Quelle va être l’évolution du festival dans les années à venir ?

Le festival est aux portes d’une nouvelle ère, il peut grandir encore, confirmer sa réputation, affirmer son identité originale. Le FIFAM a l’étoffe pour devenir l’un des festivals internationaux les plus importants. Avec Hélène Rigolle [Secrétaire générale du FIFAM] et la nouvelle équipe en place, nous avons construit un projet sur cinq ans, qui porte déjà ses fruits.

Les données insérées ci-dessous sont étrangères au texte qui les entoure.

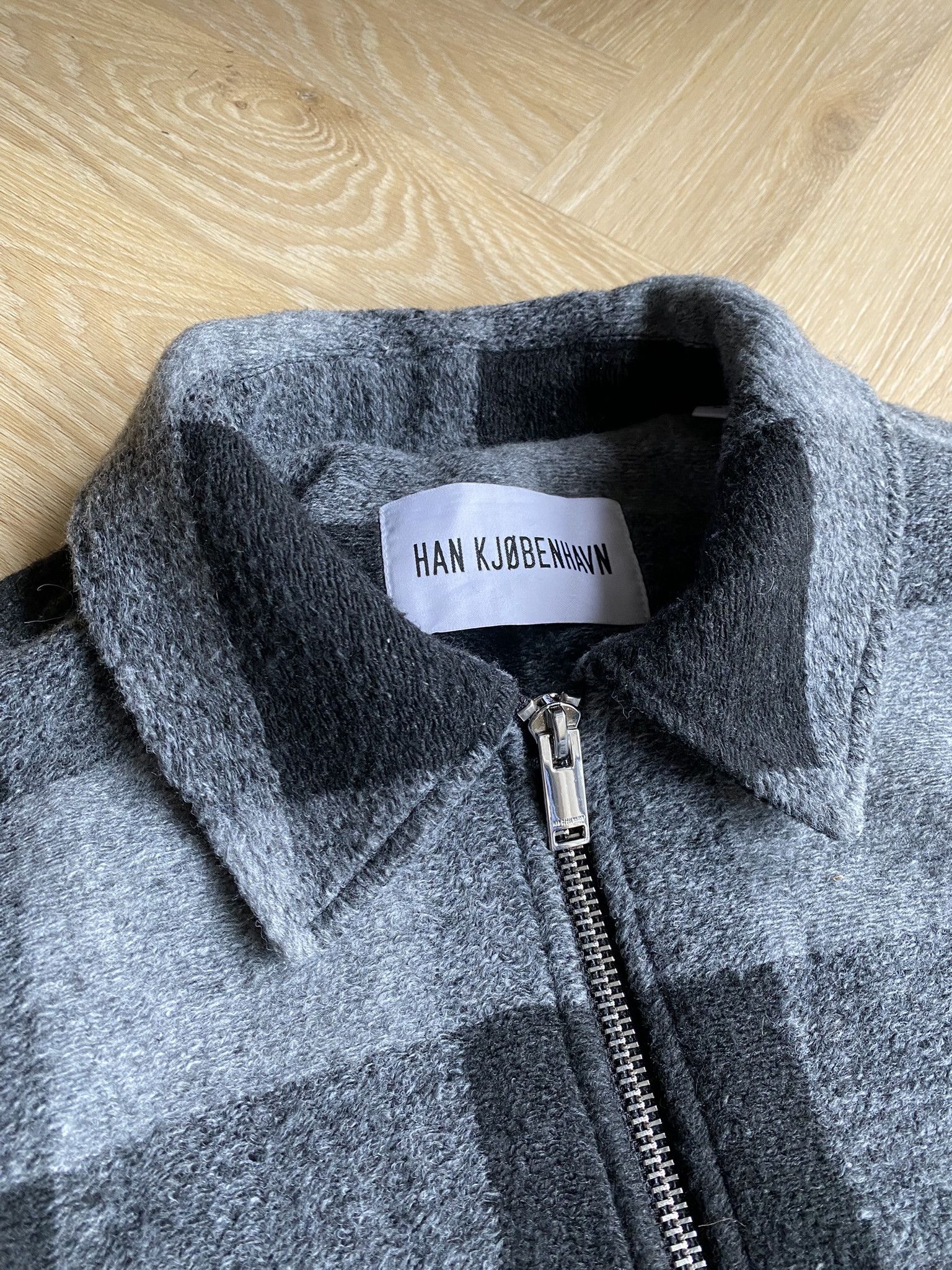 Acne Studios $810 - 50/L - Zip Boxy Jacket - Black/Grey Check Size US L / EU 52-54 / 3 - 11 Thumbnail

Le FIFAM va évoluer en termes professionnels, avec une plus large implication industrielle : la distribution en salle, l’édition de DVD et de livres, le cinéma 2.0, de nouveaux partenariats (Cinémathèque française, Villa Médicis à Rome). Nous voulons continuer de défendre les métiers du cinéma, développer la formation des jeunes, la transmission des savoirs, des savoir-faire. Notre implantation dans la ville et sa région va ainsi encore s’approfondir. Avec une orientation que nous voudrions pluridisciplinaire et tout au long de l’année. Bref, le FIFAM est au seuil de cette transformation, les idées, l’énergie, le cadre, sont là. Il nous suffit d’un coup de pouce pour faire encore monter Amiens de gamme.

* Festival International du Film d’Amiens

34ème Festival International du Film d’Amiens, du 14 au 22 novembre 2014.